Wie sehe ich im Büro aus? 

Wie genial, wie organisiert, wie chaotisch, wie strukturiert bin ich, ist meine Arbeitsweise? Ist es wichtig, ob ich Leer- oder Volltischler bin, oder doch eher, warum ich es bin? Während ich dies schreibe, unterbreche ich – und schaue mich prüfend im gesamten Raum um. Warum sieht mein Büro so aus, wie es aussieht – und nicht anders? Spiegelt die Einrichtung meines Büros, aber noch mehr meine Art des Verwaltens, mich wider? 

Es gibt im Alten Testament eine – auf den ersten Blick ermüdende – Beschreibung einer Verwaltungstätigkeit: Da wird der Tempeldienst neu geordnet, weil das bisherige System an ein Ende gekommen war. Ausführlich wird im 2. Chronikbuch, Kapitel 31, diese Neuordnung der Verwaltung beschrieben. Sehr detailliert werden Abläufe beschrieben, Namen von Verantwortlichen genannt und dadurch die Organisation der Verwaltung erkennbar. Und man liest zweimal ein Adjektiv, das es in sich hat – gewissenhaft. Die Mitarbeitenden waren gewissenhaft – und das war an den Ergebnissen abzulesen: Menschen wurden versorgt, der Wohlstand wurde vermehrt, es gab Sicherheit für viele Mitarbeitende. 

Im weiteren Bericht wird deutlich, was dem Urheber und Planer dieser Neuordnung, dem Unternehmer und König Hiskia, wichtig war: „Bei jedem Unternehmen, das er im Dienst des Hauses Gottes oder für die Weisung und die Gebote begann, um seinen Gott zu suchen, handelte er mit Hingabe seines ganzen Herzens und hatte Erfolg.“ (2. Chr. 31, 21). Er war fokussiert auf Gott und auf die Menschen, für die er Verantwortung hatte. 

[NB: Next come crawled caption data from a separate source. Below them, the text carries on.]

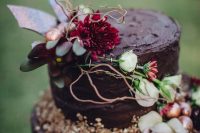 a textural chocolate wedding cake with neutral and bright blooms, berries, twigs and nuts is a lovely idea for a fall wedding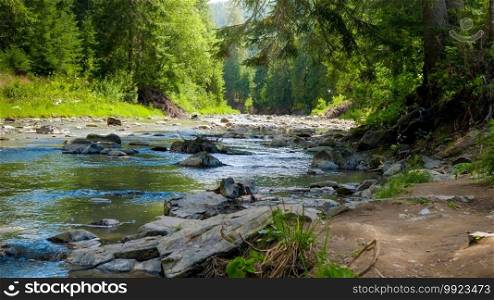 Closeup of wet rocks and calm flowing water on the beautiful mountain river flowing through pine forest.. Closeup of wet rocks and calm flowing water on the beautiful mountain river flowing through pine forest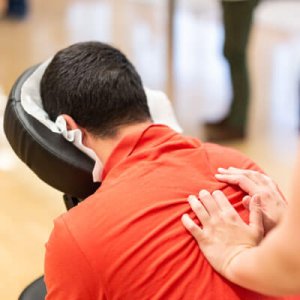 man in red shirt seated back massage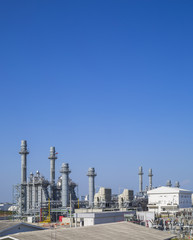 Fototapeta na wymiar Gas turbine power plant with blue sky 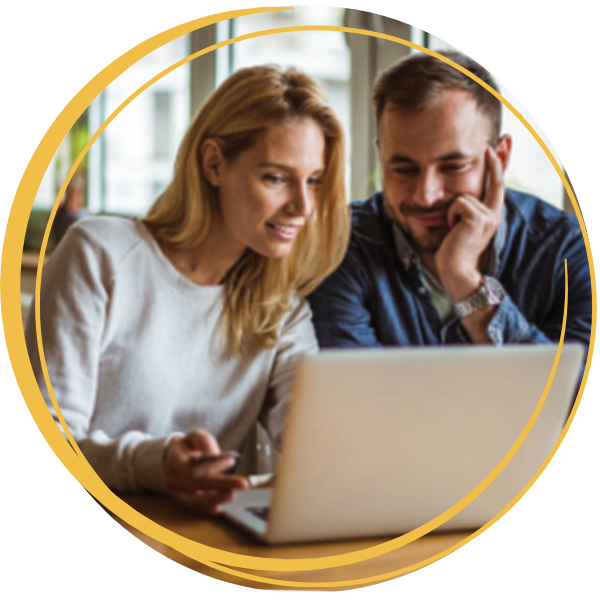 Couple looking at laptop together.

Wie sehen die Ergebnisse meines Büros aus? 

Ob die Ergebnisse meines Tuns im Büro gut sind, entscheidet sich nicht an der Anzahl der Blätter, Bücher, Ordner oder Schreibgeräte. Die Früchte meiner Arbeit entscheiden sich auch nicht an der Größe, Farbe oder Aufgeräumtheit des Schreibtischs oder des gesamten Raums.  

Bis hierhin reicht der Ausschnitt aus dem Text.